Two figured stood before me, and I stared anywhere but at them. Why now?

"What the hell are you doing!?" My so called uncle yelled right in my face.

"Nothing," I mumbled. Why should I have to deal with this?

"Where did you go this time? You weren't doing anything stupid were you?"

"I was just taking a walk," I continued to stare at the floor, anger slowly growing inside me.

"Were you out sleeping around with some boy? Doing drugs!?" Okay now he's making no sense. I managed to bite back a scoff when he stumbled to the side a little and grabbed the wall for support. He's beyond drunk. I looked to my aunt for some sense of comfort but she looked pretty pissed and dazed at the same time. They must have been fighting all night.

"I'm sixteen! And no, I've never done drugs and never will!" I raised my voice only a little.

"That's not what I asked! Now answer my damn question!" He continued to scream. My aunt only stared off, thinking about who knows what.

"What are you talking about!?" I was getting really frustrated now.

"Did you take the trash out like I told you?" He growled. He was trying to be scary but it damn sure wasn't working. But my anxiety was getting the best of me with all the yelling and I was starting to feel the tears come back involuntarily. My heart was beating crazily fast.

"No," I stated trying to keep myself calm.

"What do you mean no?" He narrowed his eyes. "You don't say no to me! Get your little ass in your bedroom right now," he yelled. I noticed the little cursings that he mumbled afterwards which only made the rage inside me boil faster.

"Gladly," I huffed turning to quickly walk out, but rolled my eyes when he continued to bitch about me 'having an attitude'. I actually don't have one right now but I'm damn sure about to if he doesn't shut the hell up.

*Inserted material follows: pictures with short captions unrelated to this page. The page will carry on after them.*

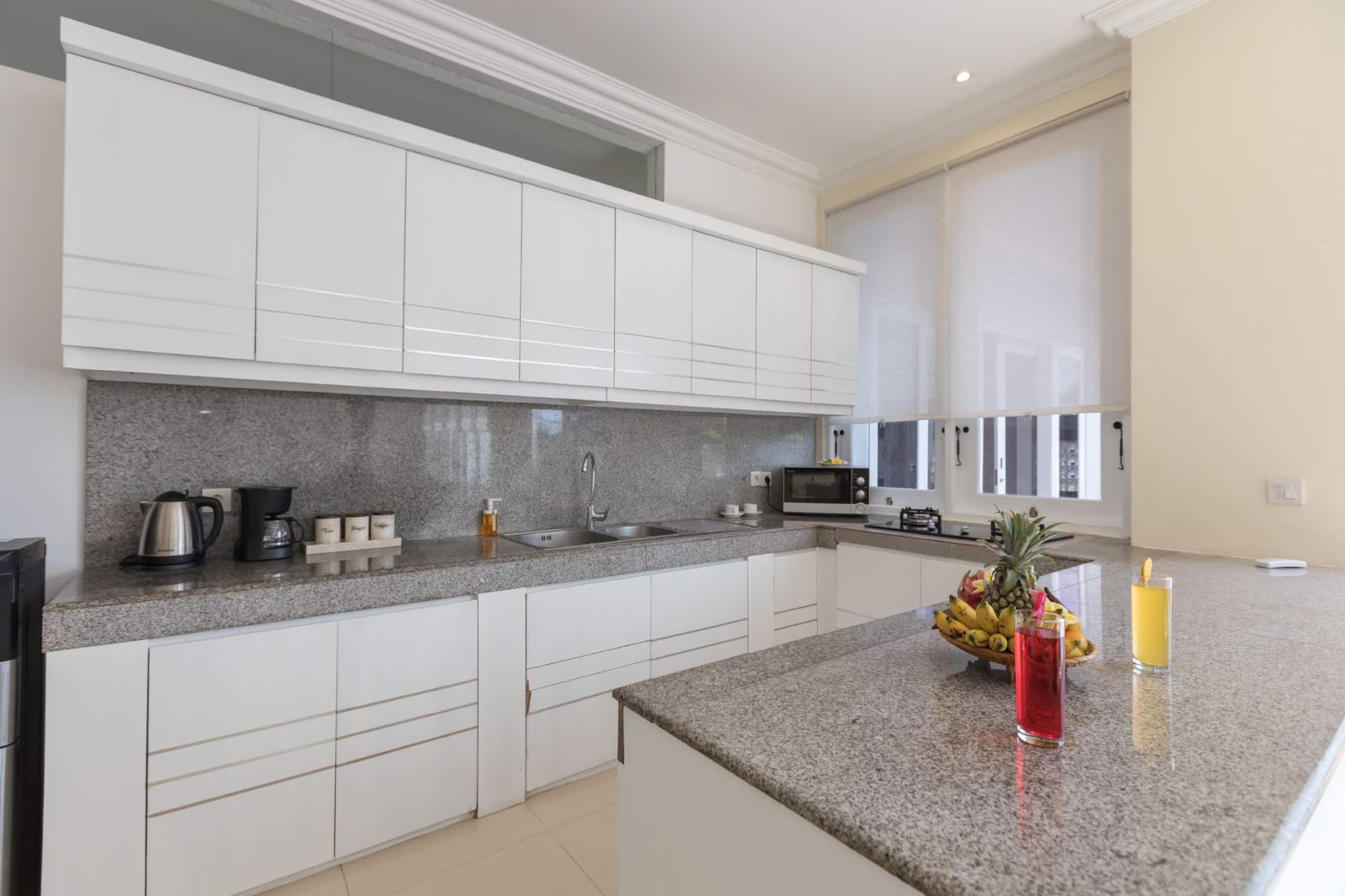 Cheerful 5BR Modern Villa @ Jimbaran with GWK View 10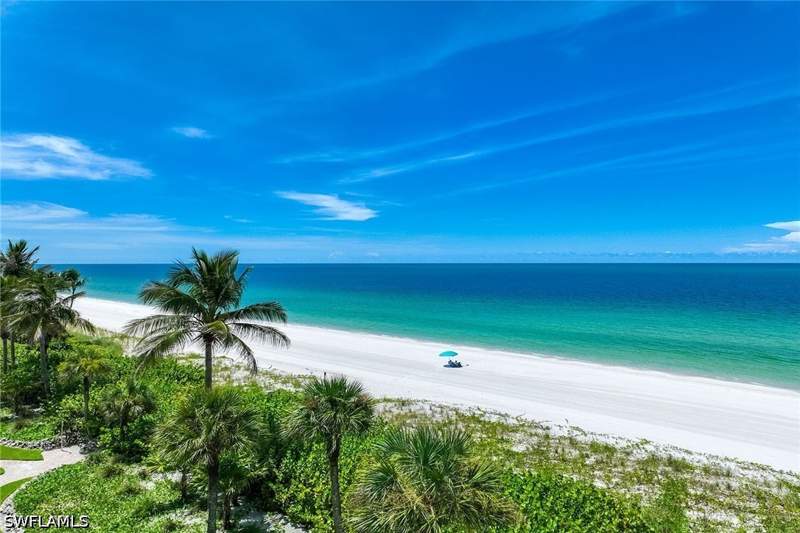 2 bedroom Condominium at 10475 Gulf Shore Dr 114, Bayshores, Naples — photo 2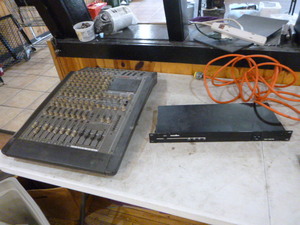 lot 46 image: Miscellaneous Electronics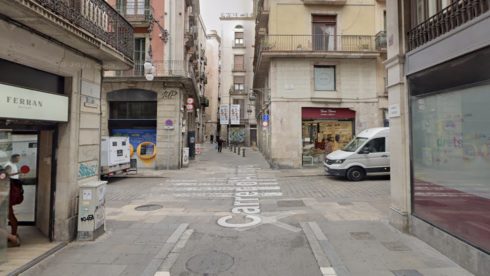 watch:-knife-wielding-man-causes-chaos-in-heart-of-barcelona’s-tourist-district-–-until-heroic-workers-clobber-him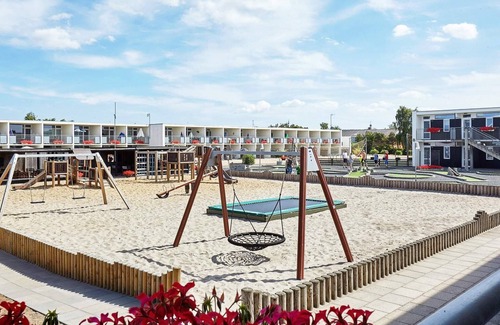 Bønnerup Strand Apartment | Holiday home on a holiday park in Glesborg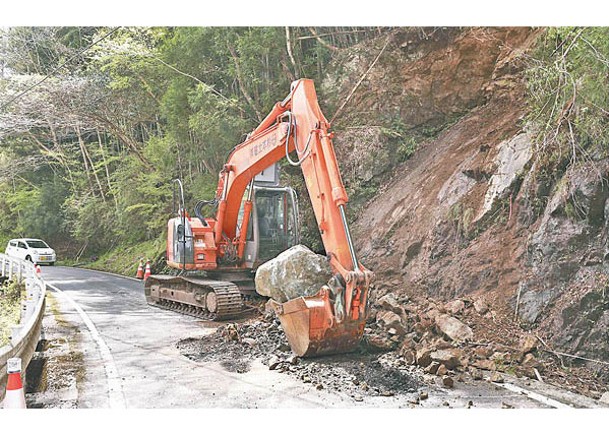 高知縣有大石滾下阻路。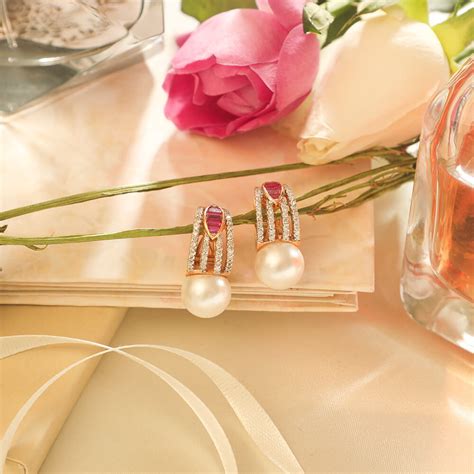 Buy Real Diamond Earrings Online | Real Diamond Earrings by Manubhai.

He continued to scream and cuss and I reached the point I just didn't care anymore. I quickly turned, surprising them both. I had made up my mind and there was no turning back now. It's time to do what I've wanted to do for a long time."Fine! If I'm such a bother and a disgrace of a daughter then ill be sure to never bother you again!" I screamed.  I already knew how this would play out.

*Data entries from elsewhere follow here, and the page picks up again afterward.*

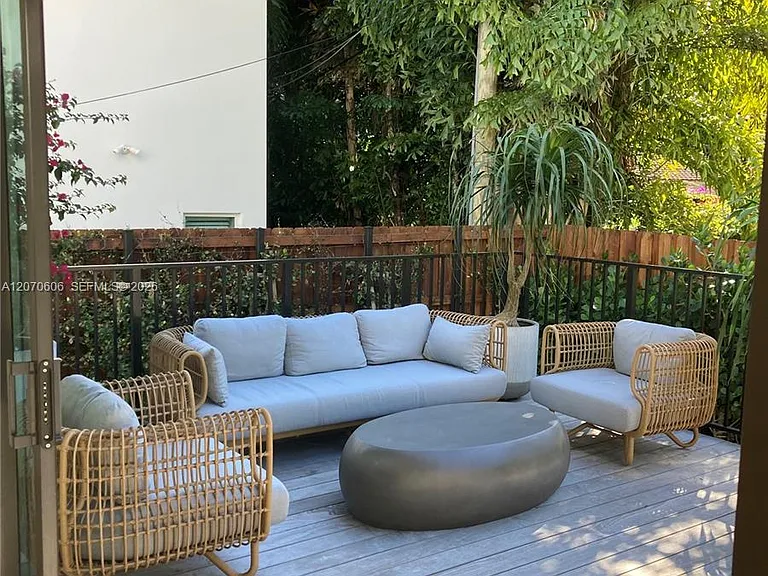 1320 Flamingo Way — Photo 10
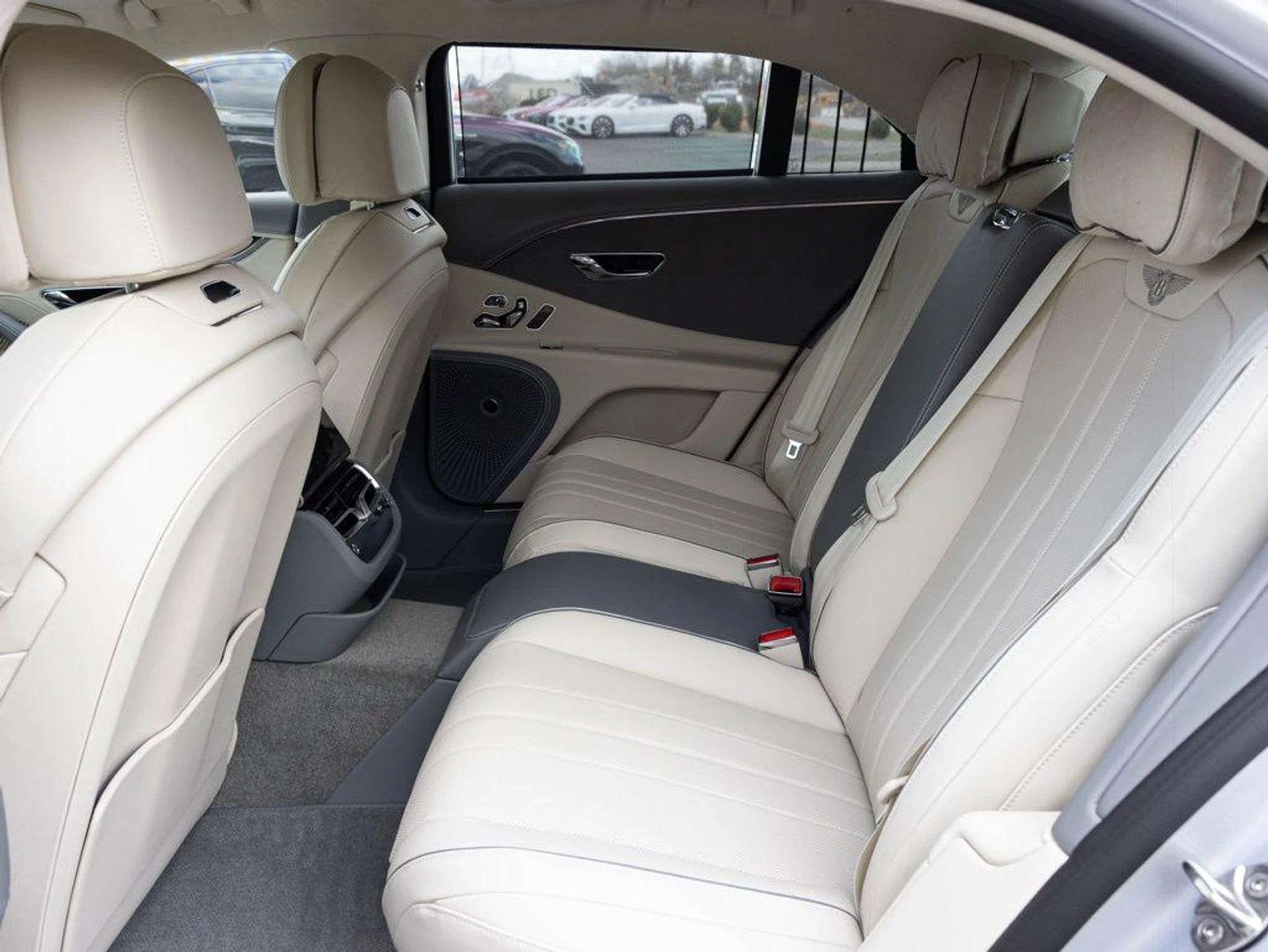 mph059_1117663483_500853697_69ac49c742328134f501cf61_f36bdd0587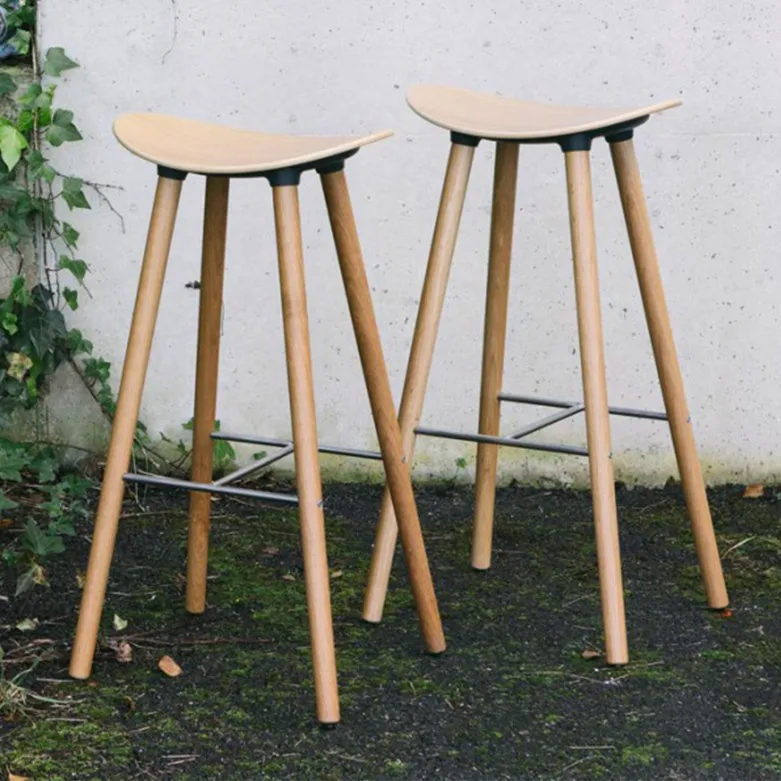 taburete-enea-coma-wood taburete-enea-coma-wood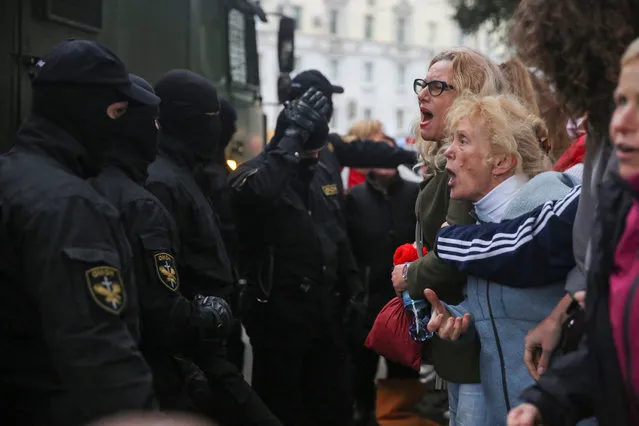 Activists argue with law enforcement officers during a rally in support of detained Belarusian opposition leader Maria Kolesnikova in Minsk, Belarus on September 8, 2020. (Photo by Tut.By via Reuters)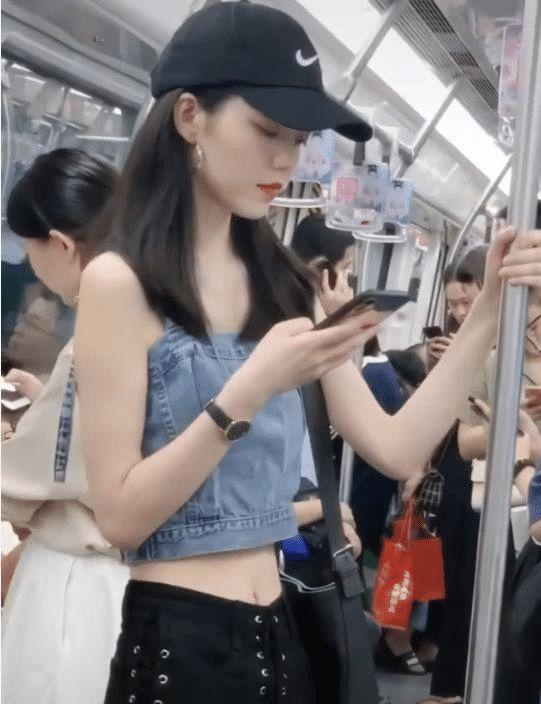 地铁女神火了穿搭造型很大胆真是个性十足啊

"Oh so what? Now your leaving!?" he waved his arms around like a fucking idiot.

"Yes," I stated. "Do you not understand how much you've ruined my life!? You have destroyed everything you worthless piece of shit! You're just a drunk asshole who is blinded by ignorance and selfishness!" both of them looked very taken aback by this. Neither of them have ever heard me cuss openly to their faces before. Its something I've wanted to get out for so long. For a second I was sure my aunt was gonna hit me. Too bad he beat her to it. I felt a hard cold slap across my face before I was slung to the ground by his tight grip on my arm. Now that surprised me. I never thought he'd actually hit me. The tall lady stood next to him looked just as shocked as me. Neither of us had a response.

"Get the fuck out of my house," he spat. I smirked.

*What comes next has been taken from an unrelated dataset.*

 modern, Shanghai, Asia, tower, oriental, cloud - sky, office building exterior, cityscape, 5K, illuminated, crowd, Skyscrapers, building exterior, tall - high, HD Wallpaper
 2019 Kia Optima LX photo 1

"That's the plan," I muttered turning to head out the door. I'll just sneak in my window later to get some essentials. I better make my dramatic exit while I can. I almost didn't notice the nonstop flow of tears pouring down my burning hot cheek.

I only made it about three steps when I felt him yank me back to the center of the hallway by my arm. Ugh. So close. "What the fuck you think you're doing!? I told you to get your ass to bed. NOW." Damnit. I started to protest on how he just told me to leave but didn't have the energy. My rage was gone and I was left with deep sorrow and a true feeling of loss. I will not live here any longer.

After shaking him off I walked quickly to my room and shut the door. I thought momentarily about locking it but decided against it. If they tried to walk In and it was locked, it would start up a whole new fight.

I laid silently in bed, not able to sleep at all. The more I thought about what bullshittery this is, the more mad I got. I'm not staying here.